This page largely based on http://math.stackexchange.com/a/1239123 with thanks.


Paraphrasing Wolfwram mathworld - a sinusoid is a function of some variable, say \(t\), that is similar to the sine function but may be shifted in phase, frequency, amplitude, or any combination of the three.

The general formula for a sinusoid function is:

(1)\[f(t) = A \sin(2 \pi f t + \theta) = A \sin(\omega t + \theta)\]

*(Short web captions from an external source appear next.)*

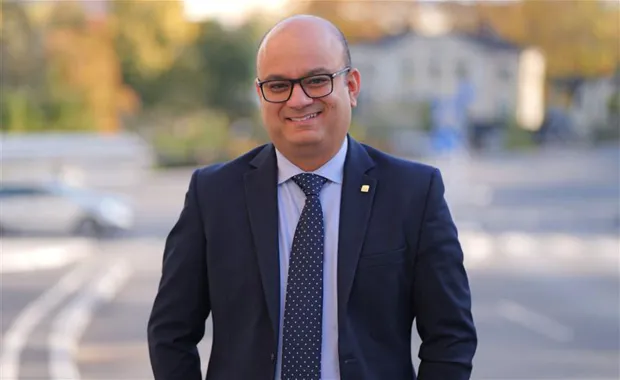 Porträtt av en leende man i kostym och slips, stående utomhus i en stadsmiljö med suddig bakgrund i höstfärger. Personen bär glasögon och ser professionell ut.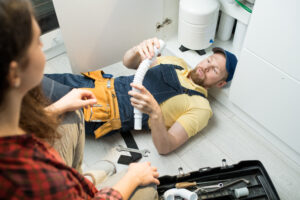Plumbing Solutions LLC technician reviewing under-sink drain components with a homeowner during a kitchen repair.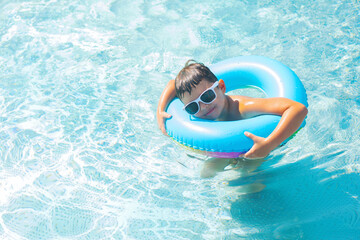 Cute baby boy in white sunglasses swimming with a blue inflatable ring in the clear water of the pool	 - 695623577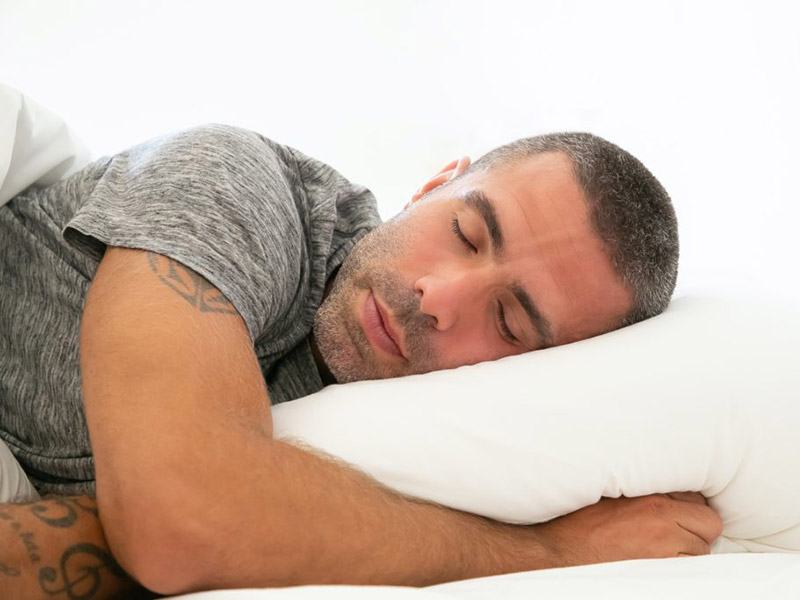 Man sleeping on a pillow.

  • \(A\) is the amplitude — the maximum value of the function;
  • \(f\) is the ordinary frequency — the number of cycles per unit of \(t\);
  • \(\omega = 2 \pi f\) is the angular frequency — the number of radians per unit of \(t\);
  • \(\theta\) is the phase offset (in radians).

The standard sine function \(f(t) = \sin(t)\) is a special case of a sinusoid, with \(A = 1\), \(f = 1 / 2 \pi\), \(\theta = 0\).

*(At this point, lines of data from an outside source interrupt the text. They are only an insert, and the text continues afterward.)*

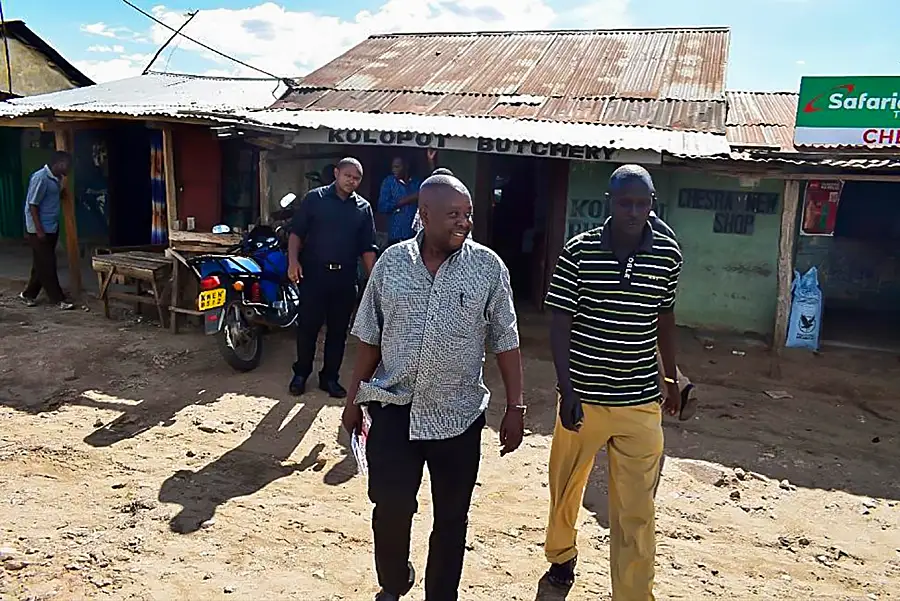 Chepareria Butcheries Self-Help Group founding member and chairman Raymond Lotilem (right) with K-YES staff during a field visit.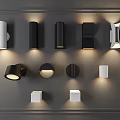 Modern Wall Lamps With Various Black And White Designs Mounted On Gray Wall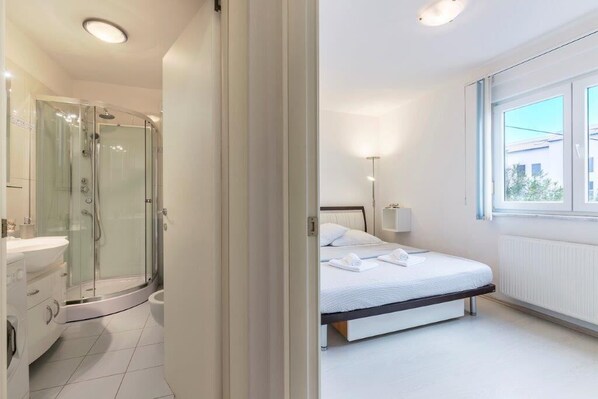 A modern hotel room with a glass-enclosed shower, a white bed, and a large window providing natural light.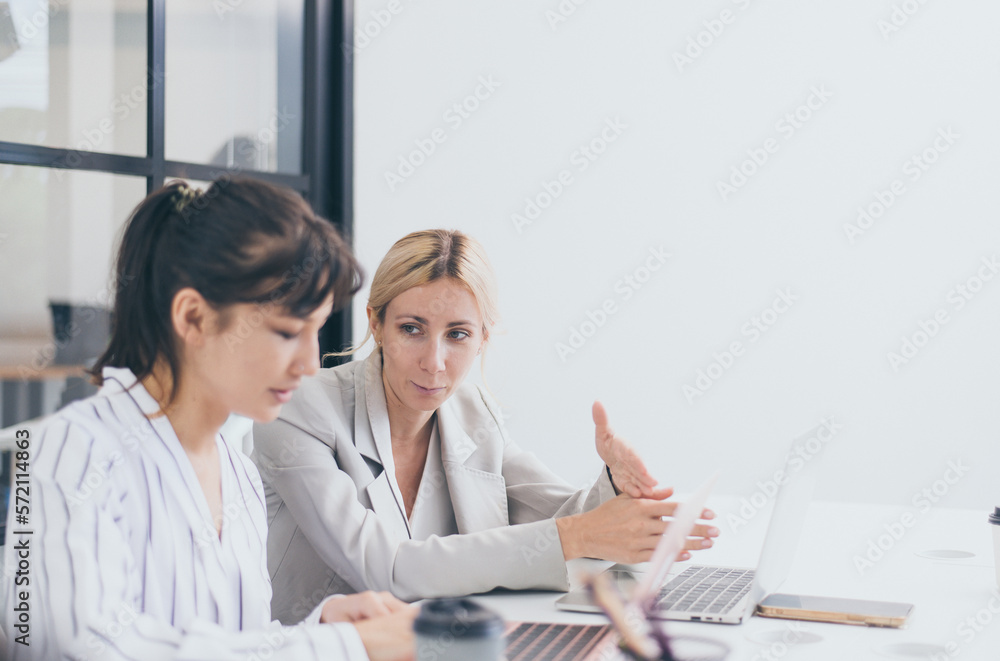 Businesswomen sharing ideas and working a new project in office,Business teamwork concept Businesswomen sharing ideas and working a new project in office,Business teamwork concept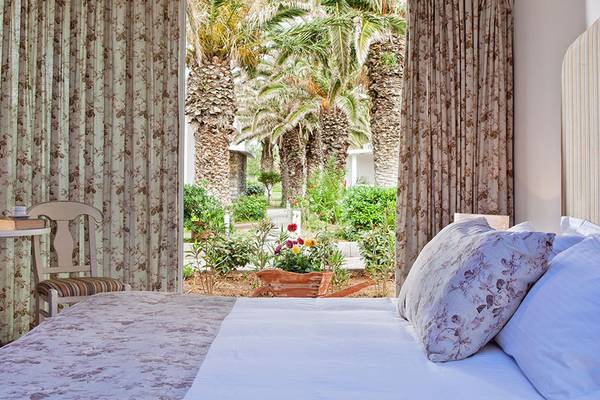 Hotelzimmer im Civitel Creta Beach mit Blick auf einen Garten und Palmen.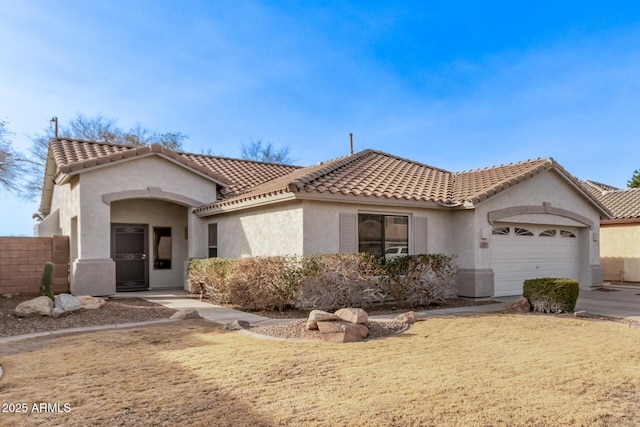 view of front of house featuring a garage and a front yard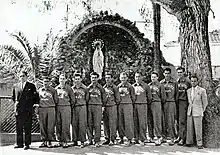 Photographie en noir et blanc des Spartiates d’Oran alignés devant une statue de la vierge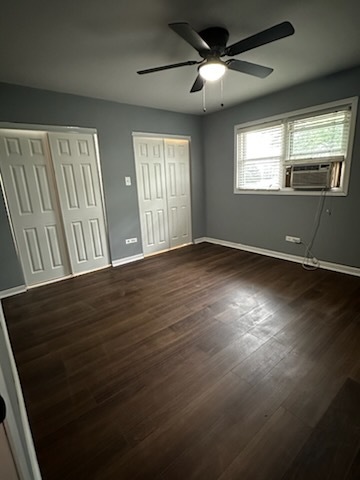11036 Kilpatrick Avenue, Unit 3SW Oak Lawn, IL 60453 - Photo 6 of 9 a view of an empty room with a window and wooden floor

The standard cosine function \(f(t) = \cos(t)\) is a special case of a sinusoid, with \(A = 1\), \(f = 1 / 2 \pi\), \(\theta = -pi / 2\).

The sum of sinusoids with the same frequency is also a sinusoid

Remembering The angle sum rule, we can write any sinusoid as a weighted sum of a sine and a cosine:

(2)\[\begin{split}A \sin(\omega t + \theta) = \\ A \sin(\omega t) \cos(\theta) + A \cos(\omega t) \sin(\theta) = \\ A' \sin(\omega t) + A'' \cos(\omega t)\end{split}\]


(3)\[\begin{split}A' = A \cos(\theta) \\ A'' = A \sin(\theta)\end{split}\]

Equation (2) also points us to the fact that any weighted sum of a sine and cosine can be written as a single sinusoid. For any \(A', A''\), we can solve equations (3) for \(A, \theta\):

\[\begin{split}A = \sqrt{A'^2 + A''^2} \\ \tan(\theta) = \frac{A''}{A'}\end{split}\]

Thus, any sum of sinusoids, of the same frequency and therefore the same input \(\omega t\), is also a sinusoid:

\[A \sin(\omega t + \theta) + B \sin(\omega t + \phi) = (A' + B') \sin(\omega t) + (A'' + B'') \cos(\omega t)\]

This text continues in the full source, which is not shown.